Short descriptive text snippets:

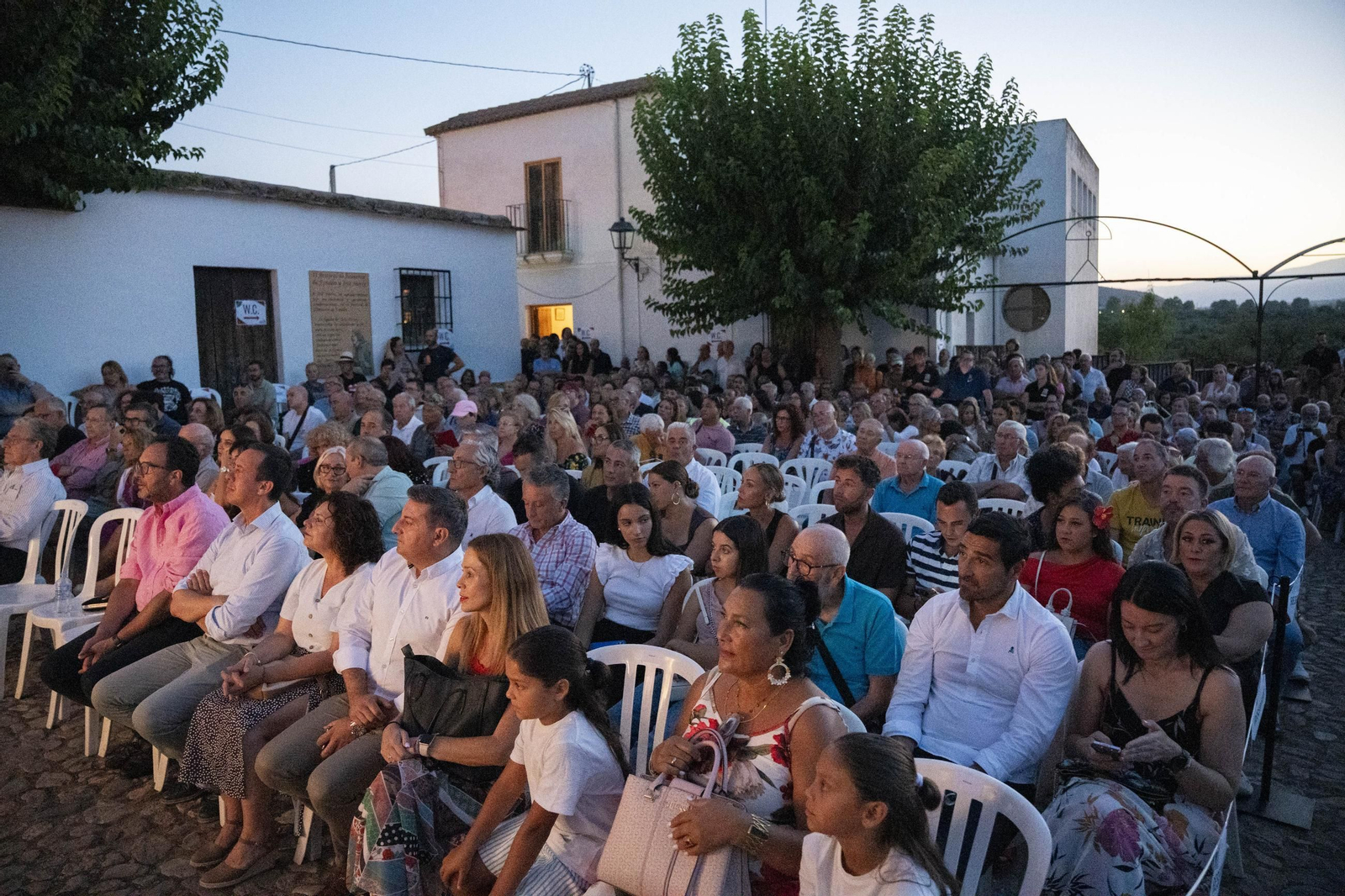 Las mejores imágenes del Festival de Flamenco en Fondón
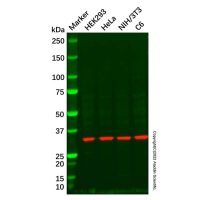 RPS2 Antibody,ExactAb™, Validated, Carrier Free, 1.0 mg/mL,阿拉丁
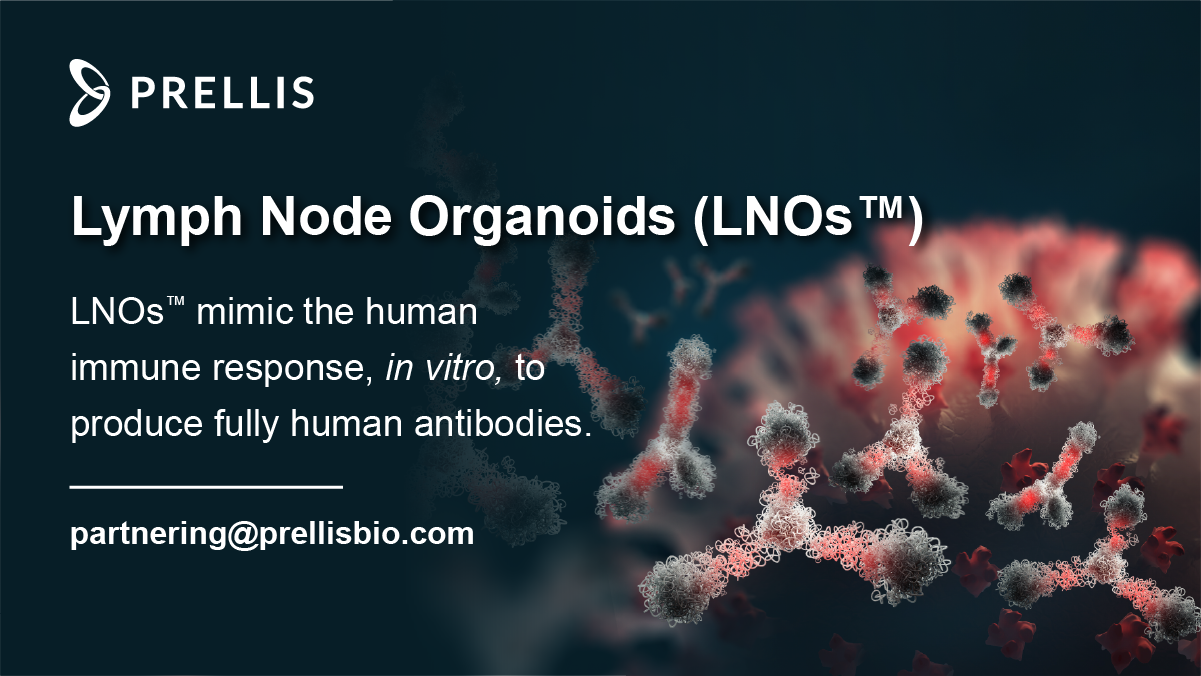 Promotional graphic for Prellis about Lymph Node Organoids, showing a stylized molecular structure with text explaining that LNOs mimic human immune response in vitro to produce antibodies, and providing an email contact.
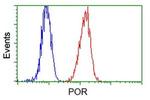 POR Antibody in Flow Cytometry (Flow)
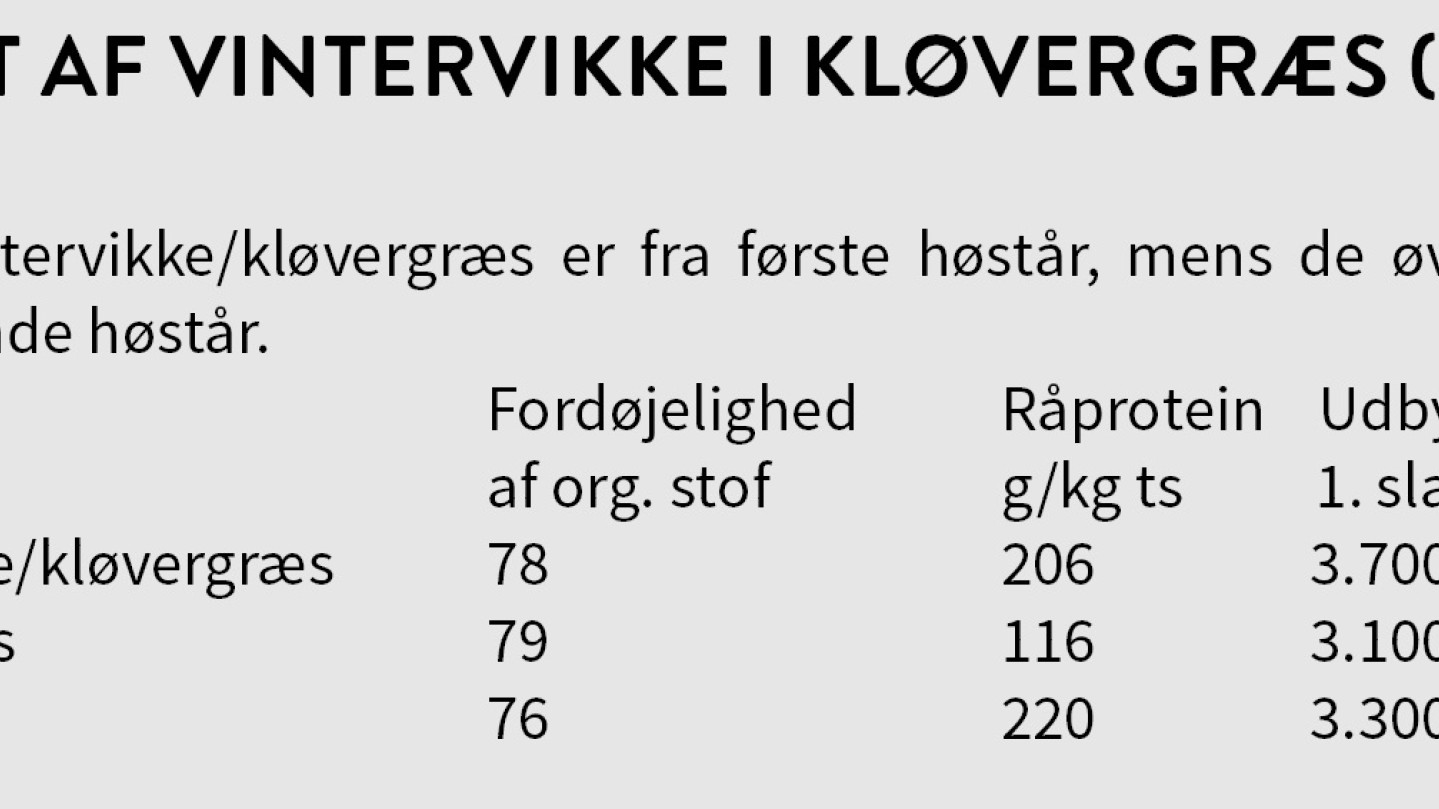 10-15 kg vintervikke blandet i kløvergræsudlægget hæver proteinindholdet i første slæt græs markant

> [Exercise requirements]:
Word for word, retype the lines in the entries above that run from the one with "RPS2 Antibody,ExactAb™, Validated, Carrier" through the one with "POR Antibody in Flow Cytometry (Flow)". Both ends count; pictures do not.

> [Exercise output]:
 RPS2 Antibody,ExactAb™, Validated, Carrier Free, 1.0 mg/mL,阿拉丁
 Promotional graphic for Prellis about Lymph Node Organoids, showing a stylized molecular structure with text explaining that LNOs mimic human immune response in vitro to produce antibodies, and providing an email contact.
 POR Antibody in Flow Cytometry (Flow)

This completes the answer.